In the centre of the little company, there knelt a girl whose face was hidden from him, but whose figure and pose were infinitely graceful. He was led to believe by the position she occupied that she must be the countess, and that the men at her side were the poets and philosophers who had come to the château to air their graces and to fill their stomachs. For the time being she was occupied entirely with her devotions, and when she raised the smallest of white hands, it was to bury her face in them while she prostrated herself before the upraised Host, Anon, however, the music died away suddenly; the last cloud of incense floated to the vaulted roof; the acolytes extinguished the candles before the altar, and the girl rose and passed down the chapel. De Guyon said to himself that the gossips were right. If a Madonna had come out of one of the pictures above the shrines, and had stood before him, lending flesh and blood to the painter's vision, he could scarce have been more surprised. Such a delicacy of form and feature he had hardly seen in all the six years he had been at Versailles; had never known eyes in which so much tenderness and emotion seemed to lie. He declared that her mouth was like a rosebud upon which the dew has just fallen. She held herself with the grace of a woman grown grey in practising the courtesies; yet her limbs had the roundness and suppleness of maturing youth. The black robe, falling from her shoulders prettily yet without panier, and set off only with lace at her neck and wrists, was her best adornment. She wore no jewels; not so much as a band of gold upon her arm. Her brown hair was simply coiled upon her head. De Guyon said to himself that Legros, with all his art, could not have added to the effect of it. And with this thought he left the chapel to await her in the courtyard.
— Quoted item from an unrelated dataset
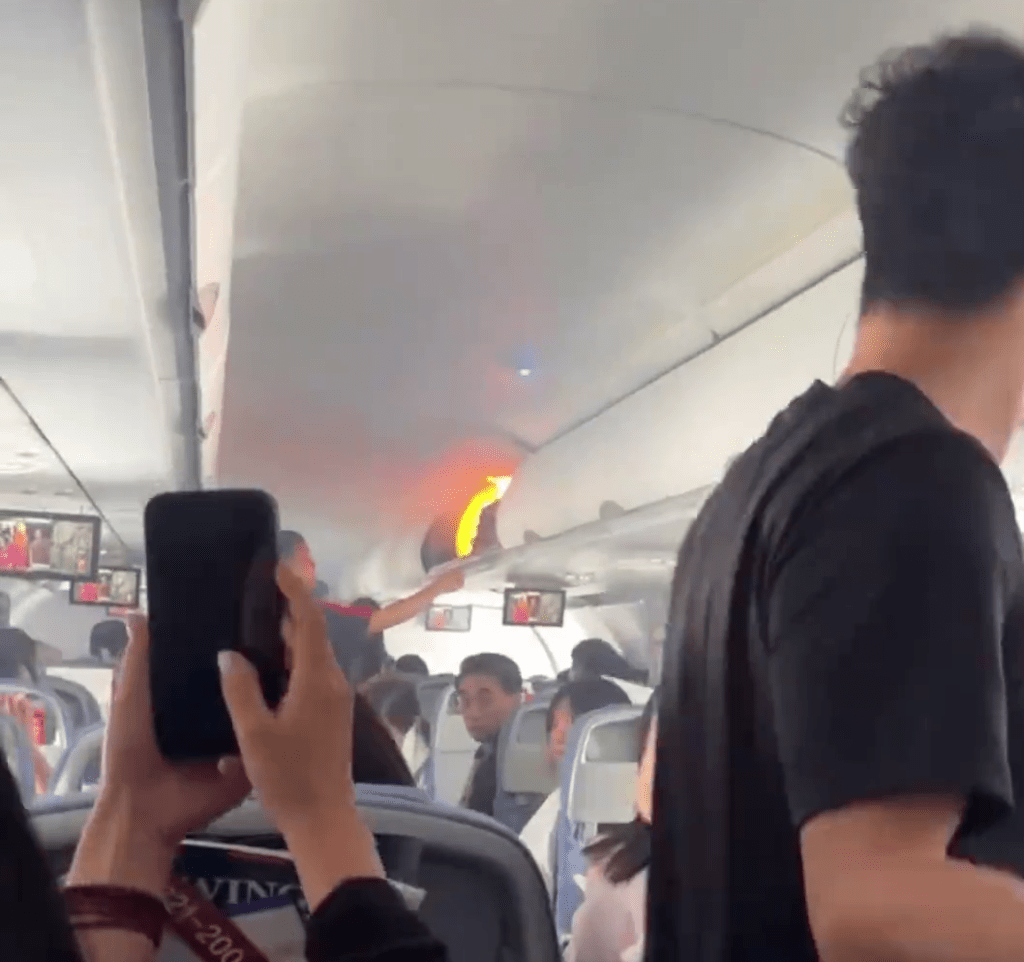 飛機客艙行李架上出現了明火。 飛機客艙行李架上出現了明火。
Her greeting was simple, neither effusive nor lacking welcome.

"I have heard of you, Monsieur de Guyon, from my Cousin Claude," said she, when he had presented his letters to her; "you must be tired, indeed. Let us think of supper before we read even these letters"—and so turning to the group of men standing behind her, she added simply—

"Gentlemen, let me present you Monsieur de Guyon, a lieutenant of his Majesty's Guards. He has ridden far to serve us, and we must thank him by hastening to supper."

She passed on with a graceful inclination of her head, while servants conducted de Guyon to a room in the right wing of the château. Ten minutes later he was supping in the hall.